Il sistema socialista non genera di nuovo le classi, ma, al contrario, le distrugge. La classe operaia e i contadini vi hanno radicalmente mutato la propria natura sociale e, in questo senso, sono diventate delle nuove classi. Questi mutamenti, tuttavia, non provano affatto la comparsa di nuove differenze di classe, ma che noi stiamo procedendo sulla via del definitivo superamento di ogni differenza di classe. I nuovi aspetti della classe operaia, dei contadini e degli intellettuali sono quelli di lavoratori di un'unica società senza classi, e i cui tratti si sviluppano a misura che vengono sempre meno le differenze che ancora si hanno tra loro.
Un po' diversamente stanno le cose per quanto invece riguarda le nazioni. Il sistema socialista non soltanto trasforma radicalmente le vecchie nazioni borghesi mutandole in nuove nazioni socialiste, ma genera anche nuove nazioni che durante il capitalismo non esistevano. Tante nazionalità che prima della rivoluzione socialista non potevano formarsi in nazioni ed erano condannate dallo zarismo e dal capitalismo a una lenta e graduale estinzione, hanno poi avuto la possibilità di consolidarsi in nazioni solo durante l'epoca sovietica. Poi, le differenze tra le nazioni in genere non possono estinguersi entro i limiti di un solo paese; le condizioni reali per una graduale confluenza di tutte le nazioni in un insieme unico possono essere create soltanto dopo la vittoria del socialismo su scala mondiale, quando cioè sarà stato liquidato l'imperialismo in tutti i paesi e quando le nazioni saranno unite in un comune sistema di economia socialista mondiale. Inoltre, la scomparsa delle nazioni sarà preceduta da un lungo periodo di crescita e di fioritura delle nazioni prima oppresse e delle culture nazionali che hanno avuto il loro libero sviluppo soltanto dopo il rovesciamento dell'imperialismo e la liquidazione dell'oppressione nazionale. "La fioritura delle culture nazionali per la forma e socialiste per il contenuto nelle condizioni della dittatura del proletariato in un solo paese, per la loro confluenza in un'unica e comune cultura socialista (sia per la forma che per il contenuto) e con una sola lingua comune, sarà possibile soltanto quando il proletariato vincerà in tutto il mondo e il socialismo entrerà in essere", - così Stalin caratterizza la dialettica di sviluppo delle nazioni durante la transizione dal capitalismo al comunismo.

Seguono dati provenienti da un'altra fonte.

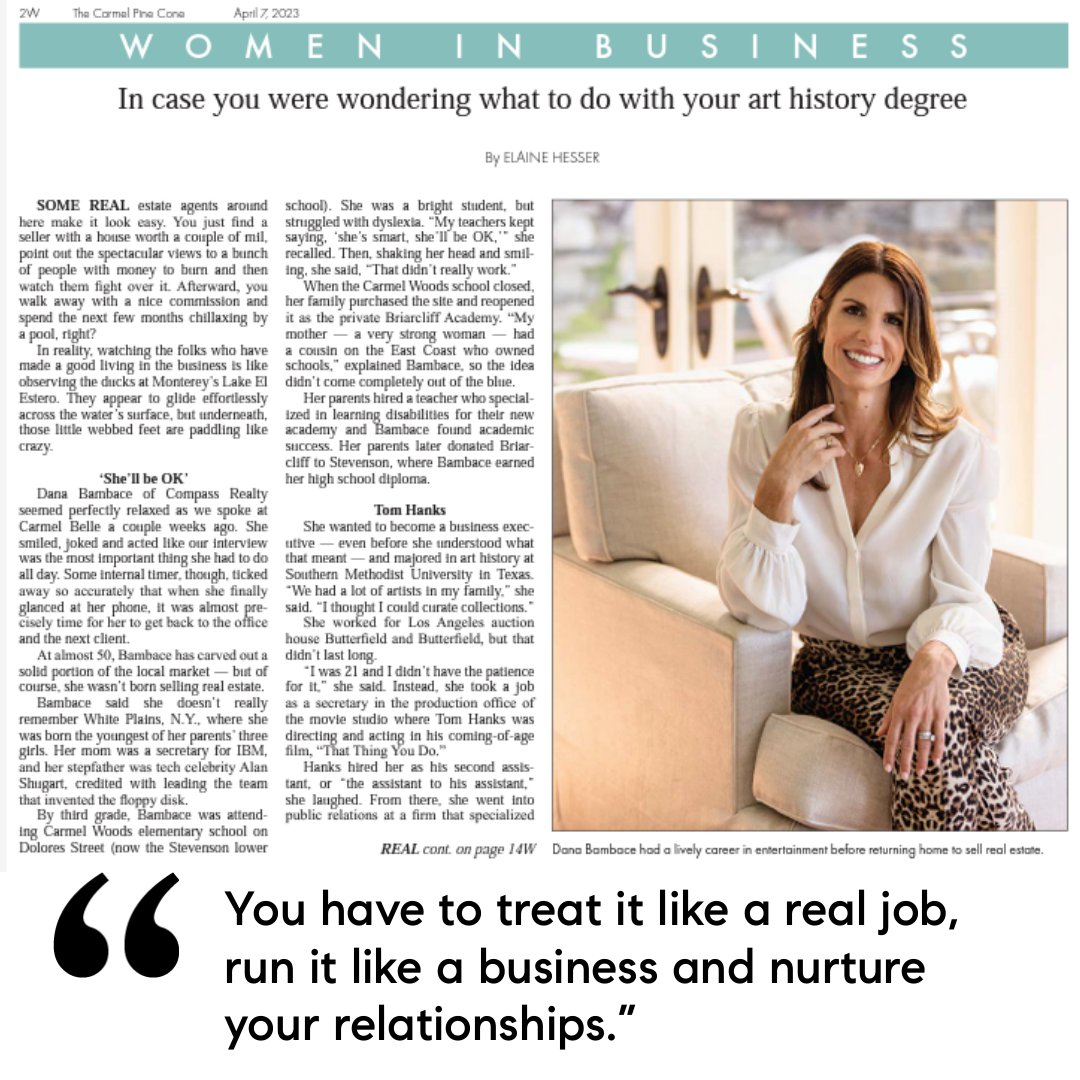 MarkBPeterson's tweet photo. Did  you know Dana worked for Tom Hanks? A fun background on  @danaabambace in the Women in Business section of the @carmelpinecone . "You have to treat it like a real job, run it like a business and nurture your relationships."  See the complete profile https://t.co/bDx6D05ULp https://t.co/ihj9BJDTAc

Dal che deriva che le nazioni, dopo essere sorte assai più tardi delle classi, scompariranno soltanto dopo che saranno state distrutte le classi (e quindi non in un solo paese, ma in tutto il mondo).
Sotto la possente azione dello Stato socialista sovietico si è avuto un serio mutamento nel rapporto di forze a livello internazionale. "Al posto della precedente situazione - ha dichiarato Molotov, - quando esisteva un unico Stato socialista, l'Urss, che si trovava circondato dal mondo capitalistico, si è creata una nuova situazione nella quale l'Unione Sovietica è uscita dalla sua condizione di isolamento internazionale e che non si può non riconoscere come una grandissima acquisizione della direzione staliniana".
Oggi, sia in Occidente che in Oriente, ci circondano popoli che si sono emancipati dal giogo dell'imperialismo e che, sul nostro esempio, risolvono ad ogni passo le radicali questioni dell'edificazione di una nuova e libera vita, tra cui la questione nazionale. La teoria di Lenin e Stalin sulla questione nazionale, che ha conseguito una brillante vittoria ed è provata dalla pratica dell'edificazione socialista nell'Urss, serve loro quale sicura guida per l'azione.